Peter spoke of visiting Port Arthur in Tasmania. Not only the site of one of Australia's most isolated prisons, but the site of a mass shooting in 1996. He said just walking around that area felt eerie. It reminded me of stories I'd heard that no birds are heard at the Auschwitz death camp site. Almost as though nature absorbed all the sorrow of humanity, the pain of so many people, that it is impossible to recover from.

And in the last week, nature has again told us who is boss. Massive floods in Queensland, destroying everything in its wake, including unfortunately men, women, children and animals. It has been heartbreaking to watch people lose everything they have, but I cried watching the news tonight seeing the first funeral held, for a mother and son who were swept away together from other family members and drowned.

As much as we try to control nature, it has a habit of putting us in our place from time to time. As man has ravaged the planet, it in turn ravages us. Our relationship with our landscape is complex. A power struggle at times, and an awe-inspiring experience at others. The exhibition and recent events reminds me that nature should be respected, and we should appreciate our place within it.


Sunday, January 9, 2011

When love isn't enough...

Peter and I have been enjoying holidays and actually spending time together. Something that seems a rare commodity until Peter finds a job in Melbourne. We have enjoyed seeing exhibitions, getting outdoors and catching up on watching some films. We had a 'date night' on friday, saw a movie and had dinner out. But it wasn't exactly a 'date' movie. In fact, it would almost seem like the opposite. Blue Valentine is a movie about a marriage disintegrating.

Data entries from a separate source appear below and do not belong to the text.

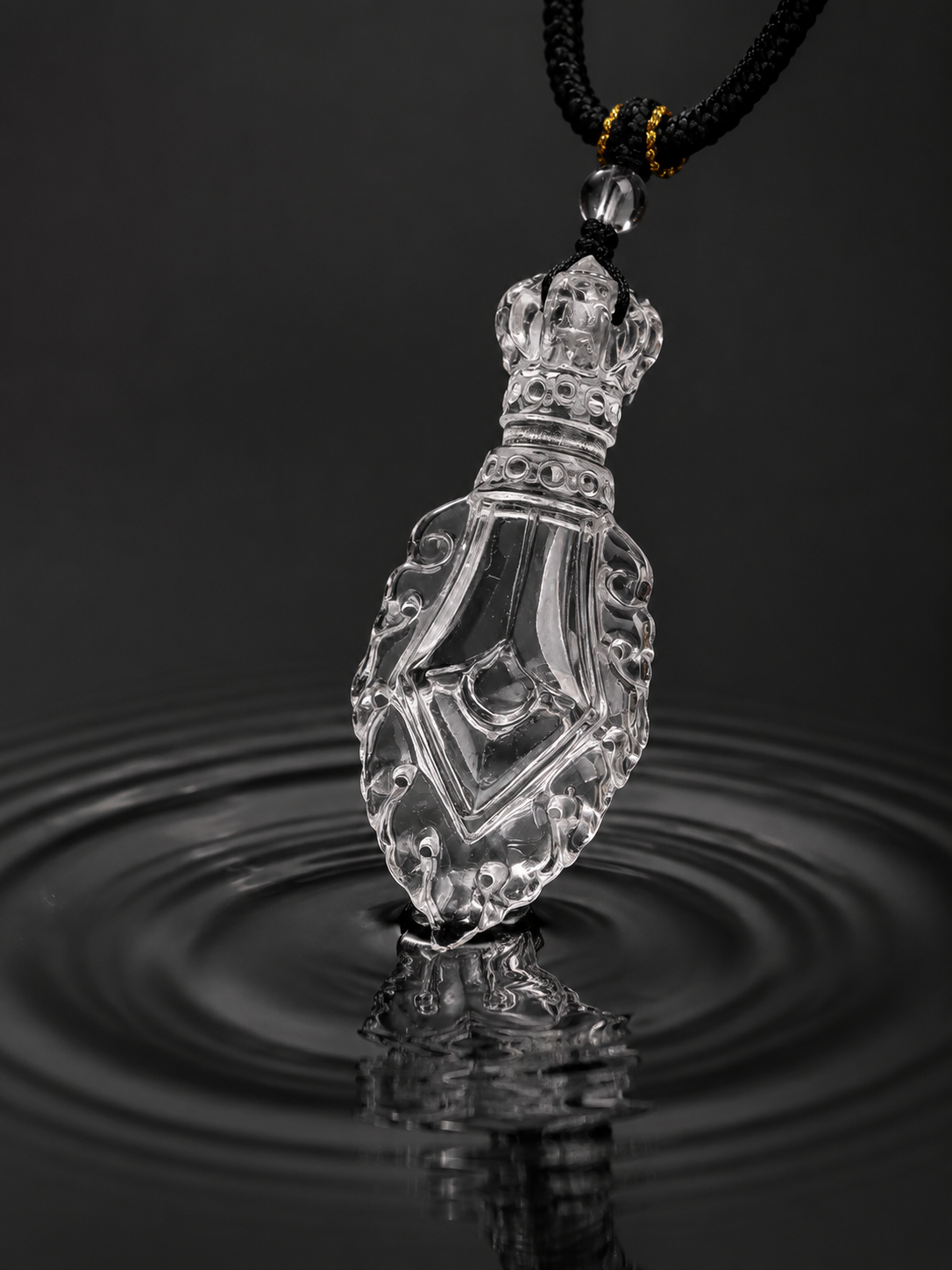 Tibetan Clear Quartz Manjushri Wisdom Sword Pendant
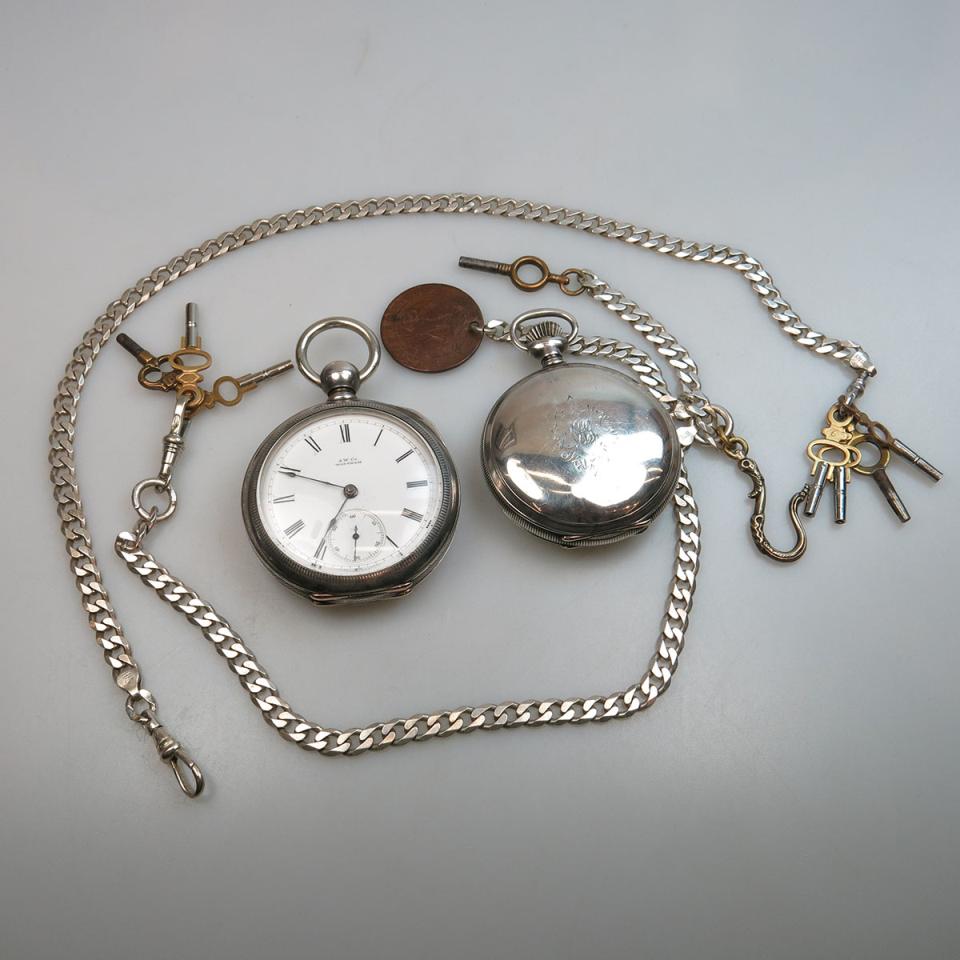 2 Pocket Watches In Silver Cases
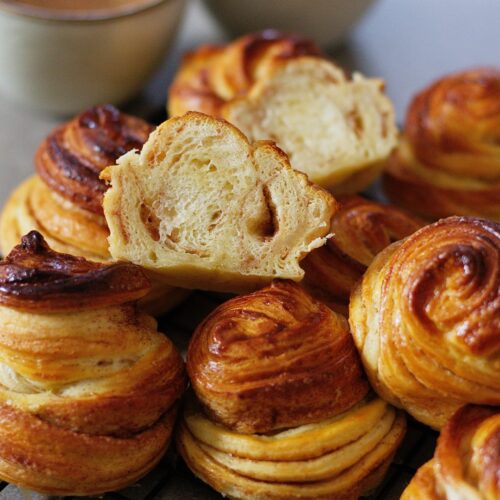 schnelle zimt cruffins aus croissant teig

For me it was hard to watch. So many things seemed like deja vu, from my old relationship. There was quite a bit of squirming in my seat, as moments from the past came flooding back. I guess that's the idea of movies such as this. To see ourselves, or people we know in the characters. So why see something distressing? I had read a great interview with the Director, and this quote in particular made me drawn to the film: "Everyone's to blame and everyone's innocent; there are no simple definitions. Life isn't full of heroes and villains; life is full of complicated, contradictory people. And I thought I would make a film that was more like life. That would provoke people and then you tell me what happened."

It's hard to explain how this sentiment resonated with me. I guess it's because I felt like the villain for ending the relationship, but life is so much more complicated than that. The movie offers no suggestions as to how the couple (Cindy and Dean) go from falling in love to being on the verge of breaking up. Both characters change; she more assured and driven, he more childish and petulant. There is a telling conversation about 'potential' and in essence I think this is one of the key factors to the breakdown. What happens when one partner is happy where they are, and the other wants challenges, experiences and more from life?

On a similar theme Peter and I also watched the Joy Division documentary by Grant Gee. Looking at the factors contributing to Ian Curtis committing suicide, you have to think that being torn between your wife and child, and your girlfriend played its part. The movie Control shows beautifully how you can want a small town life, but find that perhaps it's not enough.

I guess problems occur when people enter a relationship because they love each other, but ultimately find that love alone is not enough to sustain them. I have always believed (along with the Beatles) that All you need is love, but I guess maybe there needs to be healthy doses of patience, understanding, honesty, communication, growth, aspirations, challenges, support AND love. I've said before that love is simple. Love is easy. Relationships are the hard bit. Sometimes love alone isn't enough, and I think sometimes people fall in love and then stop trying in a relationship. They just expect it to run along happily and stay on course. Cindy's Grandmother has one of the most crushing lines in the film. When discussing her marriage with her grand-daughter she reveals that she never really loved her husband: "he didn't really have any regard for me as a person". In years gone by (hell, in my own parents relationship), you just stayed in the marriage, regardless of how unhappy you are.

Relationships go off the rails for any number of reasons, and we can all speculate how the characters in Blue Valentine end up so far from where they began. I have my thoughts, because it seemed so achingly real to my own experience. It still makes my stomach flip to think of some scenes, as I'm transported back to the dark old days. But there are two things I have to remember: 1, no one is the villain; and 2, that love isn't always enough. To go the distance, Peter and I will need to grow together, to face challenges head on as a team, be supportive, always talk about things and yes...love each other.